— Task —
Retype every record exactly. Skip the images.

— Task material —
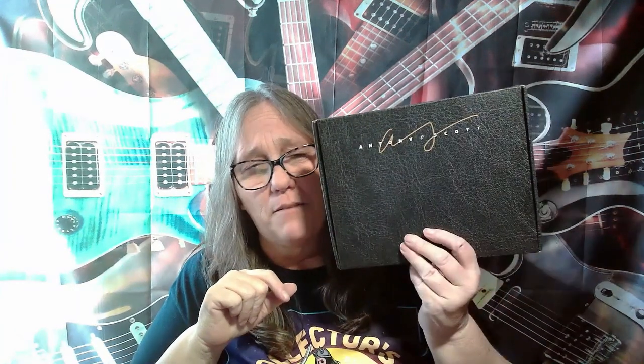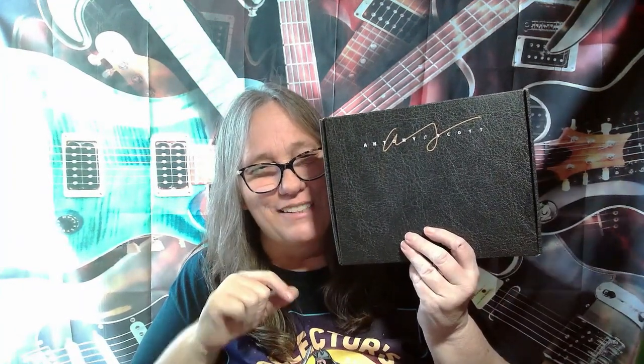Hey everybody, it's Mama J and I'm back with my favorite box, the Anthony Scott box. The last one I opened, I did a giveaway. If you didn't see that video or the giveaway video, Sassy Cation was the winner. Make sure you're following her — her link will be down below, go give her a follow. She'll be opening one of these once it arrives to her and she has time to film the video.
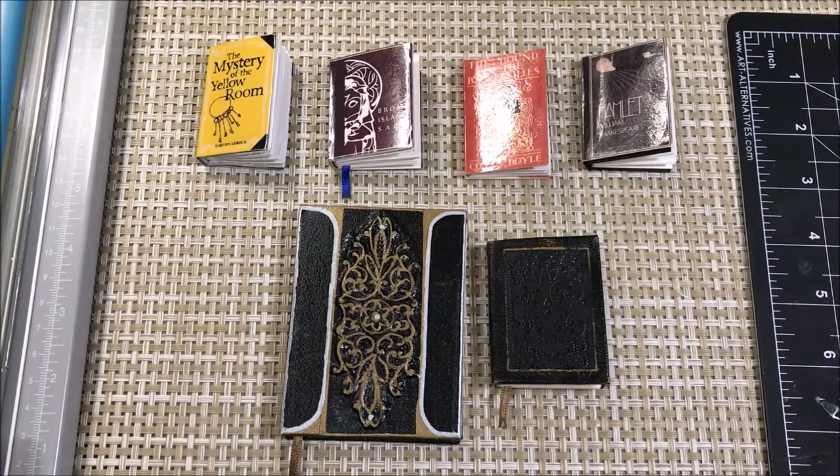Hi everybody, this is Anandahl. Today's Tutorial Tuesday I'm going to show you how to make a hardcover textbook with a faux leather look.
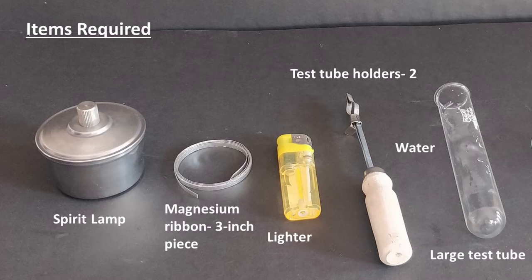Alternatively, you can use a clamp stand to hold the large test tube. You will also need water to fill the test tube up to one-fourth full.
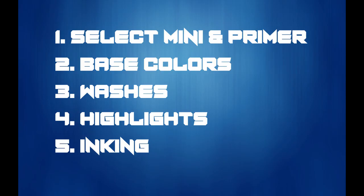So let's walk through the 5 basic steps to paint a comic book mini. First, pick out your mini and apply a primer. Number two, lay down your base colors. Number three, put down your washes. Four, highlights. And five, the black inking. If this seems like it follows the same basic mini painting steps, you're right — however, we will do a few things differently. So let's dive in.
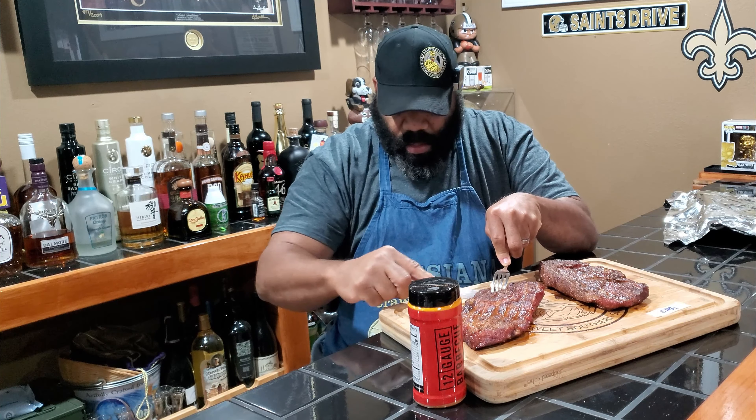All right guys, so we're done with the cook. We pulled both of our pork steaks off of the ASMOKE, and they smell fantastic, nice and smoky. They both look great. I showed you a close-up of them as they came off of the smoker.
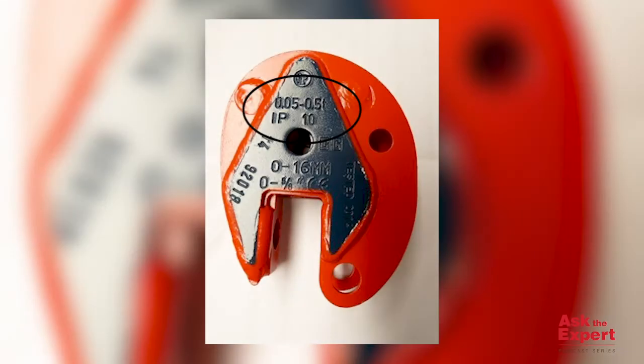Many Crosby IP vertical lifting clamps have a maximum and minimum work and load limit. Both are etched on the clamp for easy identification of the clamp capacity.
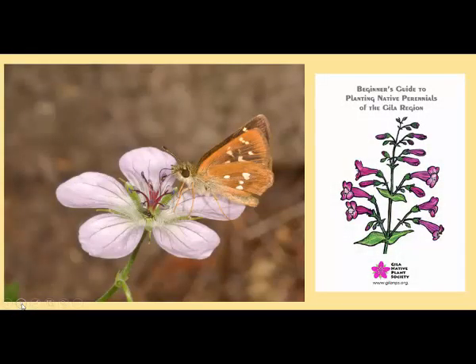So now you know how to plant a native plant, and you know where to go to find native plants locally. How do you get a copy of our beginner's guide to planting native perennials of the Gila region? There are four ways: you can go to the Lone Mountain Natives booth at the Silver City Farmers Market, Country Girls Nursery, the Grant County Art Guild in downtown Silver City, or you can get it on the Gila Native Plant Society website at GilaNPS.org. The cost is $5, which is basically what it costs us to produce the guide.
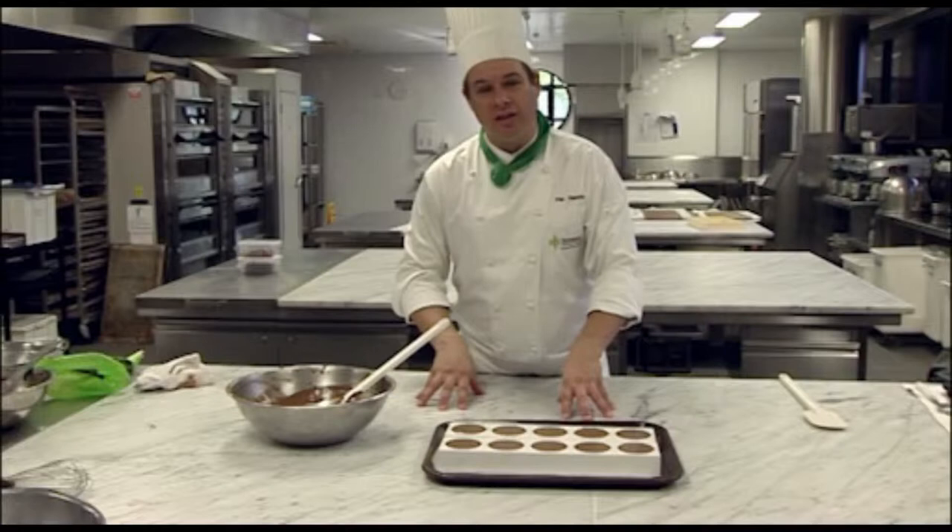And of course, when you're filling moulds, work neatly and cleanly. So I'm now going to pop this into the fridge.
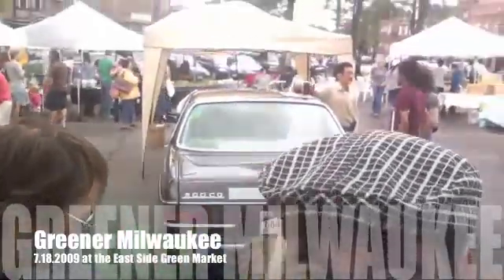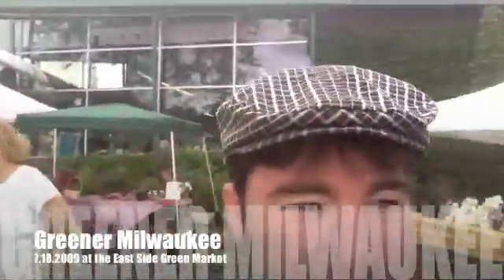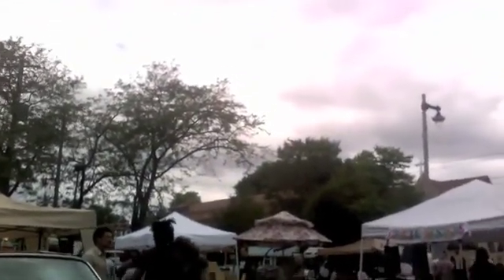Here we are at the Eastside Green Market at Beats and Barley. A lot of good things going on today, a lot of people came out. Go to catwarriors.com! Self-plug — you've got to love Little Gray. We're working with Greener Milwaukee here, giving out literature for the city of Milwaukee. Just having a good time.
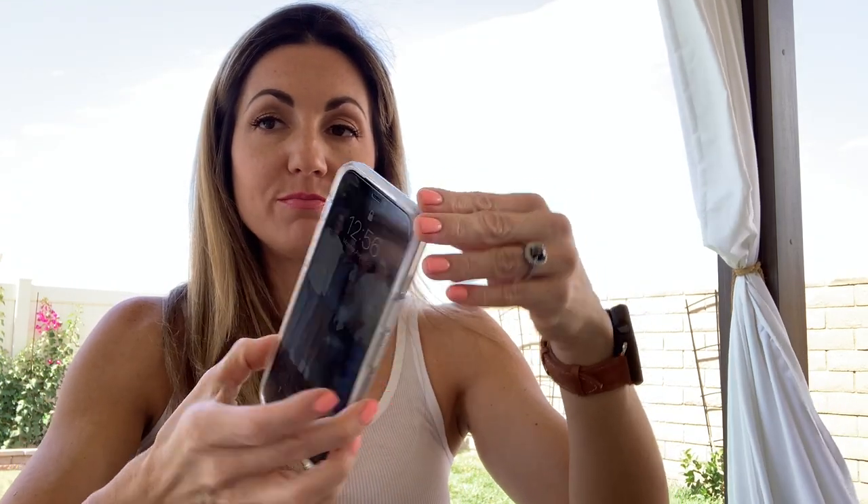Hey everybody, I'm Delicia and thanks for tuning in to the Cigar Bixen channel. This last Sunday I did my weekly top five using my iPhone 12 Pro Max as the camera and I actually had pretty good responses from it. I thought it came out terrible but you guys had a lot of nice insight — many said you couldn't tell the difference, and that the audio was a little weird but everything else looked fine.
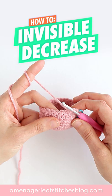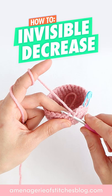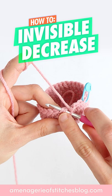We're going to insert our hook underneath the front loop of the next stitch, and we'll insert our hook into the front loop on the next stitch. So you should have three loops on your hook.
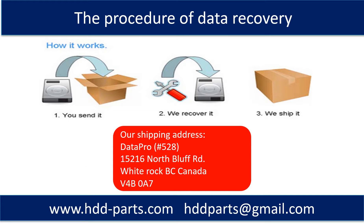This picture shows the procedure of how we do data recovery for our clients. First, the client sends their hard drive to us. Second, we do data recovery. Third, we ship the data back to our clients.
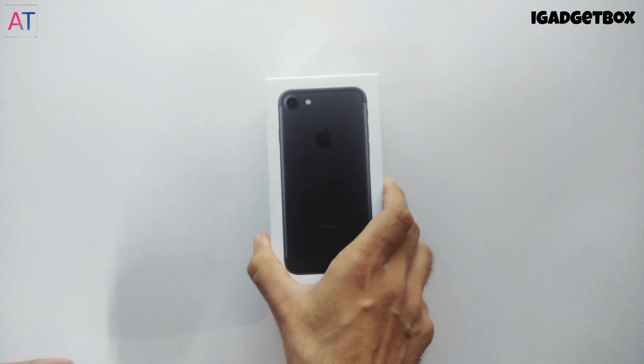After the iPhone 6s, Apple changed the packaging of its products. First we get this box printed 'Designed by Apple in California.'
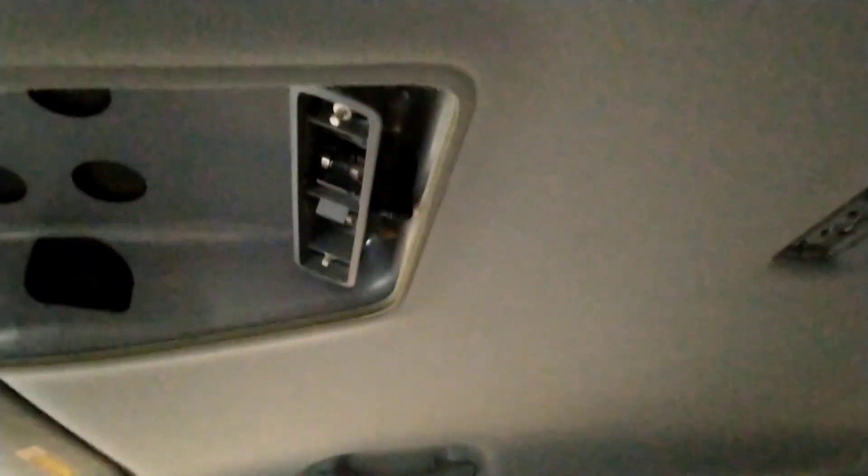Hi everybody. This is a quick mod to make your map lights work with your dome lights. I've already done the double dome mod where a jumper behind the fuse box lets you have your front and rear dome lights turn on at the same time whenever opening the back tailgate or the main doors. But in this car, a 2008 EX, these map lights were power only. So as you can see,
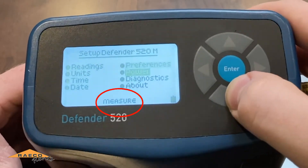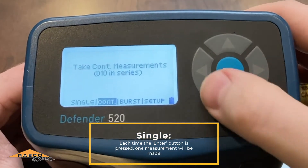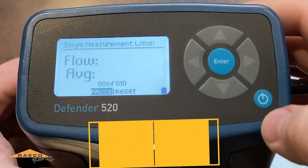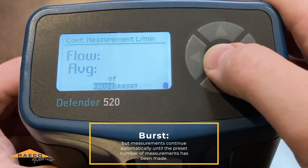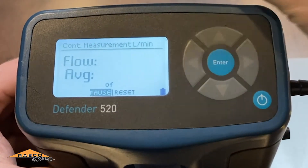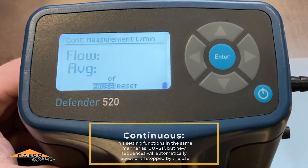We'll go to the measure menu, and this is where you'll see those options: single, continuous, and burst. I like continuous — it makes things pretty simple. Single is just going to take a measurement every time you hit enter, so it won't do anything until you hit enter. With continuous, it just keeps going, though it won't actually do anything until we start pulling air with the pump. I like to do the continuous, so we'll go with that.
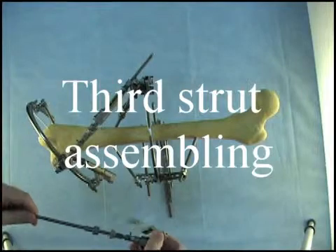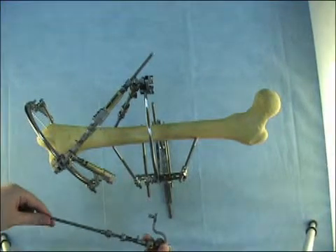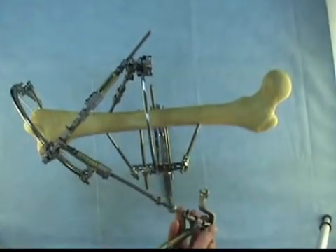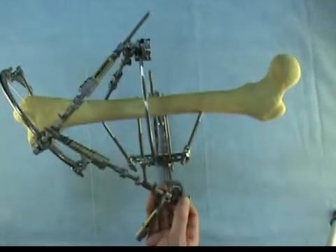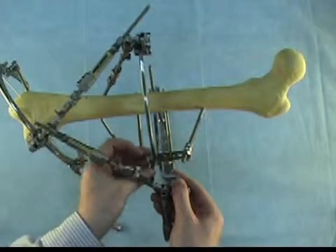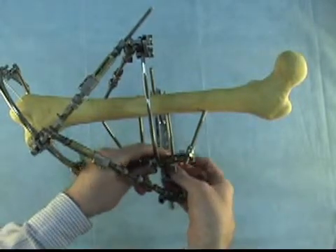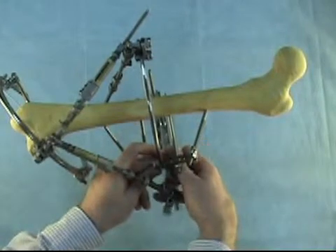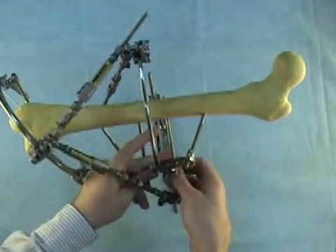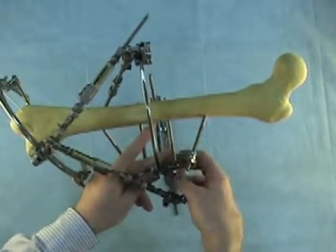Now we attach the third strut to the proximal ring. We have preassembled it with a Z-shaped plate because the space between the rings is too small, and the Z-shaped plate helps us fix the strut to the ring. First we insert the threaded rod of the third strut into the strut length changing unit of strut number two. Then we insert the finger of the Z-shaped plate into one of the holes on the ring and fix it by a knot and a bolt. Then we tighten this connection by 12mm wrench.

— Exercise result —
Hey everybody, it's Mama J and I'm back with my favorite box, the Anthony Scott box. The last one I opened, I did a giveaway. If you didn't see that video or the giveaway video, Sassy Cation was the winner. Make sure you're following her — her link will be down below, go give her a follow. She'll be opening one of these once it arrives to her and she has time to film the video.
Hi everybody, this is Anandahl. Today's Tutorial Tuesday I'm going to show you how to make a hardcover textbook with a faux leather look.
Alternatively, you can use a clamp stand to hold the large test tube. You will also need water to fill the test tube up to one-fourth full.
So let's walk through the 5 basic steps to paint a comic book mini. First, pick out your mini and apply a primer. Number two, lay down your base colors. Number three, put down your washes. Four, highlights. And five, the black inking. If this seems like it follows the same basic mini painting steps, you're right — however, we will do a few things differently. So let's dive in.
All right guys, so we're done with the cook. We pulled both of our pork steaks off of the ASMOKE, and they smell fantastic, nice and smoky. They both look great. I showed you a close-up of them as they came off of the smoker.
Many Crosby IP vertical lifting clamps have a maximum and minimum work and load limit. Both are etched on the clamp for easy identification of the clamp capacity.
So now you know how to plant a native plant, and you know where to go to find native plants locally. How do you get a copy of our beginner's guide to planting native perennials of the Gila region? There are four ways: you can go to the Lone Mountain Natives booth at the Silver City Farmers Market, Country Girls Nursery, the Grant County Art Guild in downtown Silver City, or you can get it on the Gila Native Plant Society website at GilaNPS.org. The cost is $5, which is basically what it costs us to produce the guide.
And of course, when you're filling moulds, work neatly and cleanly. So I'm now going to pop this into the fridge.
Here we are at the Eastside Green Market at Beats and Barley. A lot of good things going on today, a lot of people came out. Go to catwarriors.com! Self-plug — you've got to love Little Gray. We're working with Greener Milwaukee here, giving out literature for the city of Milwaukee. Just having a good time.
Hey everybody, I'm Delicia and thanks for tuning in to the Cigar Bixen channel. This last Sunday I did my weekly top five using my iPhone 12 Pro Max as the camera and I actually had pretty good responses from it. I thought it came out terrible but you guys had a lot of nice insight — many said you couldn't tell the difference, and that the audio was a little weird but everything else looked fine.
We're going to insert our hook underneath the front loop of the next stitch, and we'll insert our hook into the front loop on the next stitch. So you should have three loops on your hook.
This picture shows the procedure of how we do data recovery for our clients. First, the client sends their hard drive to us. Second, we do data recovery. Third, we ship the data back to our clients.
After the iPhone 6s, Apple changed the packaging of its products. First we get this box printed 'Designed by Apple in California.'
Hi everybody. This is a quick mod to make your map lights work with your dome lights. I've already done the double dome mod where a jumper behind the fuse box lets you have your front and rear dome lights turn on at the same time whenever opening the back tailgate or the main doors. But in this car, a 2008 EX, these map lights were power only. So as you can see,
We'll go to the measure menu, and this is where you'll see those options: single, continuous, and burst. I like continuous — it makes things pretty simple. Single is just going to take a measurement every time you hit enter, so it won't do anything until you hit enter. With continuous, it just keeps going, though it won't actually do anything until we start pulling air with the pump. I like to do the continuous, so we'll go with that.
Now we attach the third strut to the proximal ring. We have preassembled it with a Z-shaped plate because the space between the rings is too small, and the Z-shaped plate helps us fix the strut to the ring. First we insert the threaded rod of the third strut into the strut length changing unit of strut number two. Then we insert the finger of the Z-shaped plate into one of the holes on the ring and fix it by a knot and a bolt. Then we tighten this connection by 12mm wrench.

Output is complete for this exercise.